§ TASK TO CARRY OUT:
Write out the data in full, exactly as shown.

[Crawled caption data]

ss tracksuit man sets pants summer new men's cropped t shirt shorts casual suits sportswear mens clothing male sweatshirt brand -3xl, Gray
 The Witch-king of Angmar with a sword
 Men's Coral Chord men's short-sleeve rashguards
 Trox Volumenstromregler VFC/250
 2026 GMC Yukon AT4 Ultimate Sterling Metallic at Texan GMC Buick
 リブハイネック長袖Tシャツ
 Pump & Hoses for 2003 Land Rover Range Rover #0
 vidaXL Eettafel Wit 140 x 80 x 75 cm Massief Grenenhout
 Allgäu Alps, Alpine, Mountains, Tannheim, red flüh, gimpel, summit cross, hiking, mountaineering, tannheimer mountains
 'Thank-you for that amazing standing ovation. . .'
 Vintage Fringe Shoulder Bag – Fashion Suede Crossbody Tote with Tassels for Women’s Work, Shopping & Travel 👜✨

§ REPLY:
ss tracksuit man sets pants summer new men's cropped t shirt shorts casual suits sportswear mens clothing male sweatshirt brand -3xl, Gray
 The Witch-king of Angmar with a sword
 Men's Coral Chord men's short-sleeve rashguards
 Trox Volumenstromregler VFC/250
 2026 GMC Yukon AT4 Ultimate Sterling Metallic at Texan GMC Buick
 リブハイネック長袖Tシャツ
 Pump & Hoses for 2003 Land Rover Range Rover #0
 vidaXL Eettafel Wit 140 x 80 x 75 cm Massief Grenenhout
 Allgäu Alps, Alpine, Mountains, Tannheim, red flüh, gimpel, summit cross, hiking, mountaineering, tannheimer mountains
 'Thank-you for that amazing standing ovation. . .'
 Vintage Fringe Shoulder Bag – Fashion Suede Crossbody Tote with Tassels for Women’s Work, Shopping & Travel 👜✨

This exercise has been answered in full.